Return the listing exactly, please; no pictures.
Data provided section start
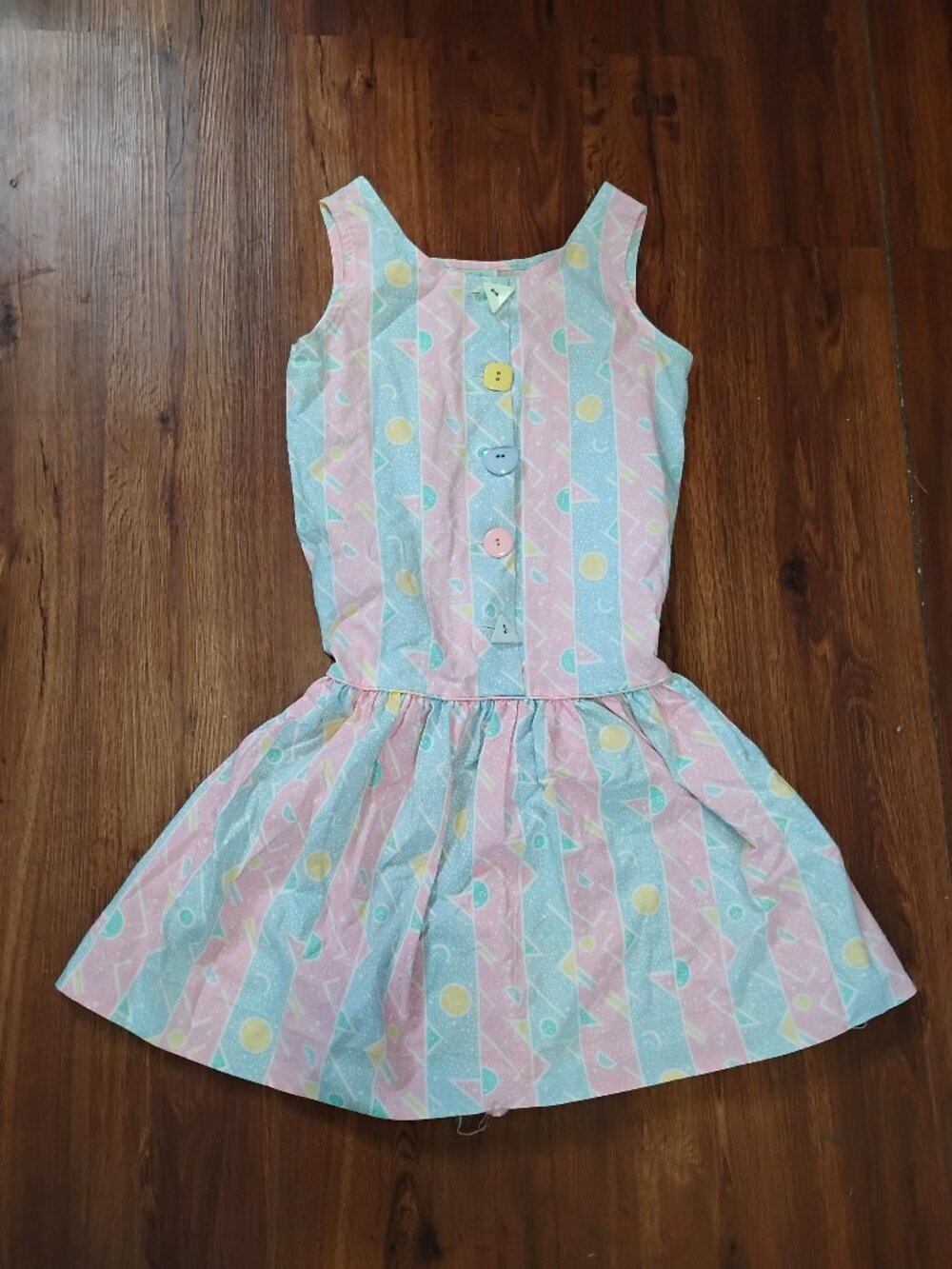 Vintage Rare Editions Pastel Striped Mini Dress Sleeveless Union Made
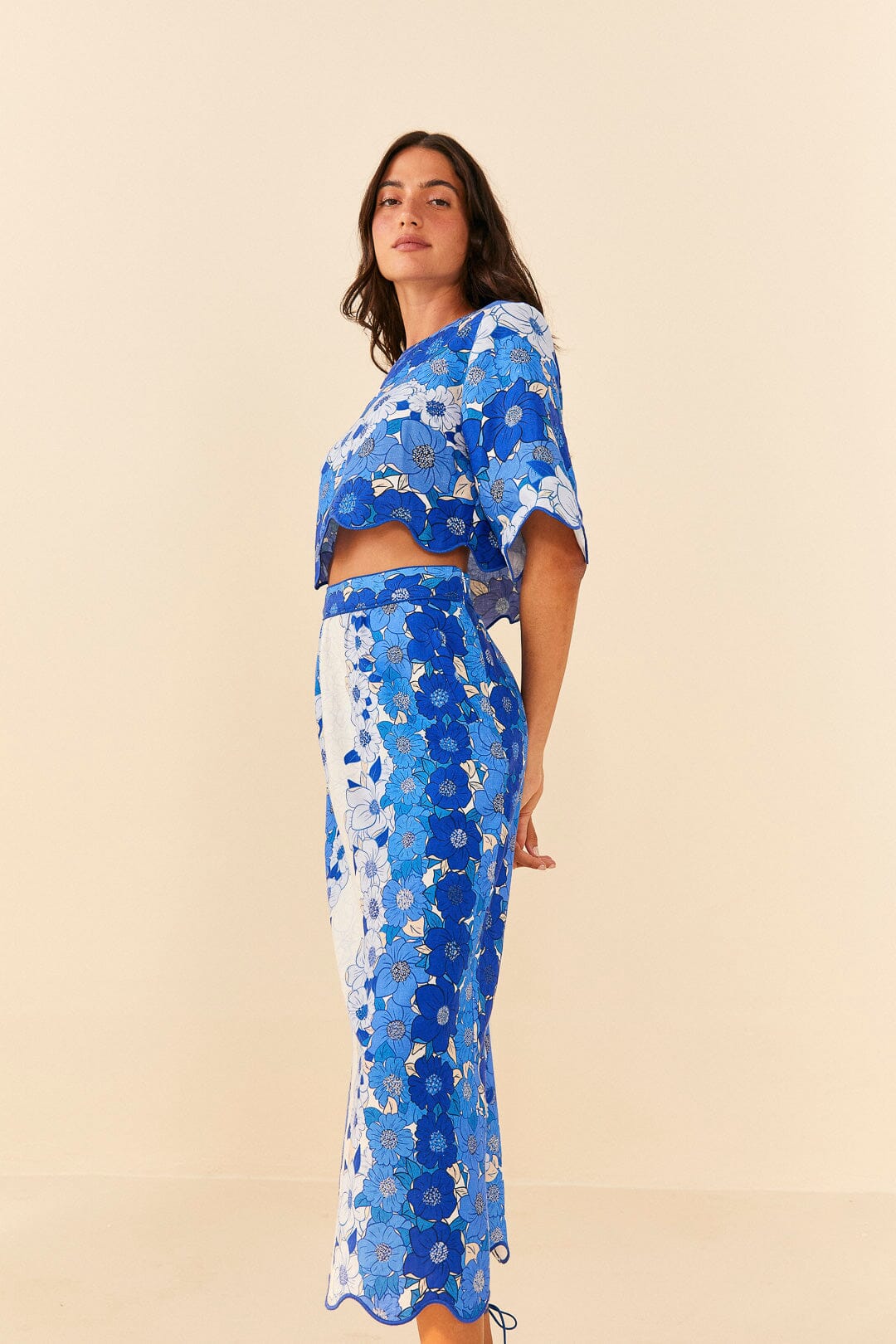 Farm Rio Blue Flower Stripes Midi Skirt
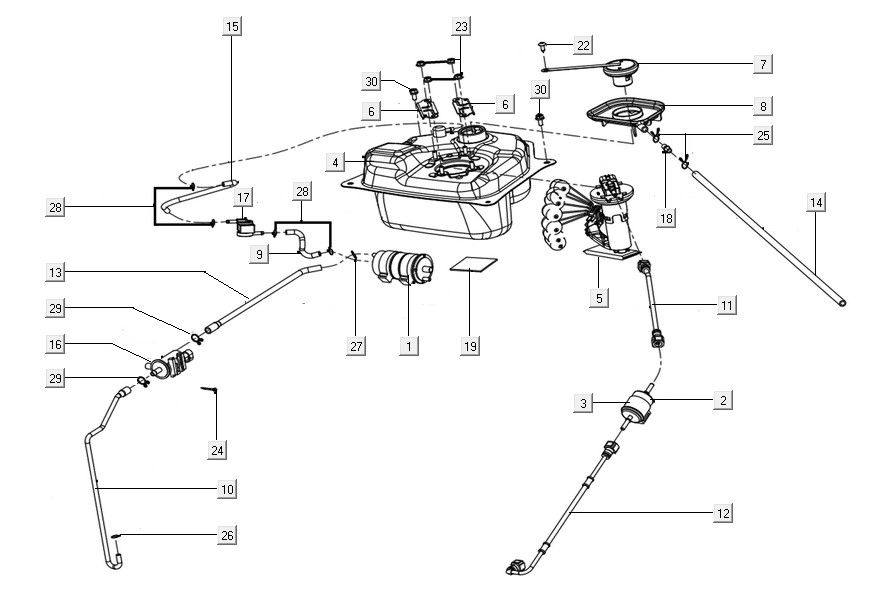 Fuel tank assy Kymco Filly 50 E5+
Data provided section end
### Written answer
 Vintage Rare Editions Pastel Striped Mini Dress Sleeveless Union Made
 Farm Rio Blue Flower Stripes Midi Skirt
 Fuel tank assy Kymco Filly 50 E5+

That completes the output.